Let’s talk about this.
First, the time issue. Creativity is not about conjuring ideas from thin air or being struck with a lightning bolt of inspiration.
It’s about making connections between your experiences, your thoughts, things in your life, your knowledge and understanding, in new ways.
And this process, my friends, takes time. It’s why we often have ideas hit us when we’re in the shower or driving.
It’s because we’re doing an activity that we don’t have to think about, so our brain can make those connections. The idea might actually feel like an “aha” moment, but if you look at it, all the pieces were already there. You’re brain just did its brilliant job and put them together in a new way.
Here’s the fun part of all of this.
You can do this intentionally. You can develop those creative thinking muscles. I’m going to be sharing some strategies to do this over the summer.
Second, why is coming up with original ideas hard? Because our brain likes its little comfort zones.
There’s a psychological principle called the Mere Exposure Effect. Essentially, it says that if you’ve been exposed to something, you like it better, and the more exposure you’ve had to it, the more comfortable you are with it.
It’s why when you’re getting a two-year-old to try a new food, you just keep serving it to them. At first, they melt down and freak out and want that scary new thing OFF their plate NOW. The next time they see that green, terrifying piece of broccoli, they still might object.
But if you just keep setting it there without making a fuss, eventually, the two-year-old will poke it. They might pick it up. And, by the fifth or sixth time you’ve exposed them to the broccoli, it’s no longer terrifying. It’s food. Their brain is now more comfortable with it. They might even eat the damn thing. And their next freak out will be because you offered them not broccoli but peas. New meltdown.
Ideas are the same. Our brains like what we’ve already thought about.
Have you ever felt like whatever you’re creating or writing is “the same” as before?

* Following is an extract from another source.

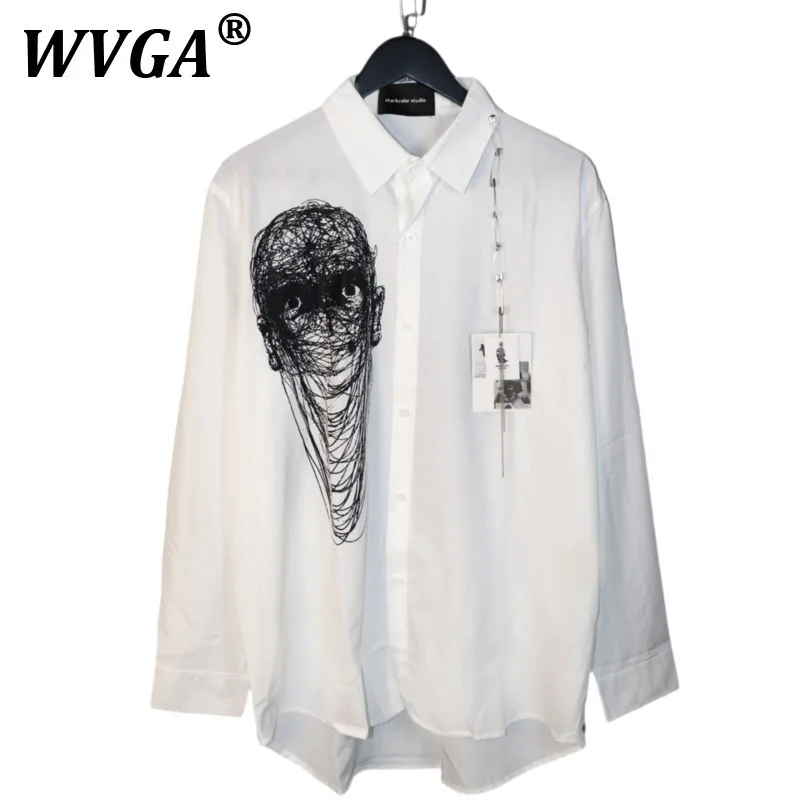 Рубашка WVGA, весна-осень, новый мужской Tide High Street Line, дизайн с принтом, модные нишевые шикарные повседневные топы с длинными рукавами Sunpfoor W11134
Рубашка WVGA, весна-осень, новый мужской Tide High Street Line, дизайн с принтом, модные нишевые шикарные повседневные топы с длинными рукавами Sunpfoor W11134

That you’ve got no “new ideas”? It’s because your brain will keep going back to what it knows, over and over. It likes what it knows. It’s actually “wired” to do that.
So…let’s expose that brain of yours to some new ideas and processes so it can be comfortable with new ideas. Here’s how to get started:
- Set aside AT LEAST 20 minutes for idea generation. One of the key rules to follow as you come up with ideas is to suspend all judgment. You’re going to write down EVERY random thing that comes into your head, whether it’s on a big giant piece of butcher paper (one of my fav ways), post-its that you stick to the wall, a list, or a spidery mind-map.
As you do this, keep in mind Einstein’s wise words, “If at first an idea is not absurd, then there is no hope for it.”
2. Choose what it is that you want to do, maybe it’s to write a story or a poem and you need a topic. Or maybe you’re developing your characters for your novel. Perhaps you’d like to draw a cartoon or paint a picture or even come up with ideas or a curriculum for a class you want to teach. These processes are NOT just for inventors or artists. Deep creative work and idea generation strategies can enhance originality and innovation in any area of your life.
3. Play with one (or all) of the following strategies to find the best ideas:
Ask What if…. I’ve talked about this before on the podcast and blog. “What if” is a super powerful question if you totally allow yourself to open up to your imagination. Let yourself get wild and write down ALL the ideas. Suspend all judgment. List every “what if…” question you can come up with, no matter how fantastical.
Push yourself to come up with a list of at least 50 (100 is better) new ideas and what if questions for your project. Just asking a good what if question will lead to another and another. It’s fun even though it can be HARD. We tend to list a few ideas that are sort of similar and then…we get stuck and stop. Push yourself. This is the work. Push yourself to think of solutions you might not have.
If you get stuck, try to make connections between what you’re working on and something totally different. For example, if I’m plotting a story, I’ll want to come up with the conflict which would involve some sort of antagonist or force that tries to stop my main character from reaching their goal. I might start listing possible antagonists and run out after a few ideas.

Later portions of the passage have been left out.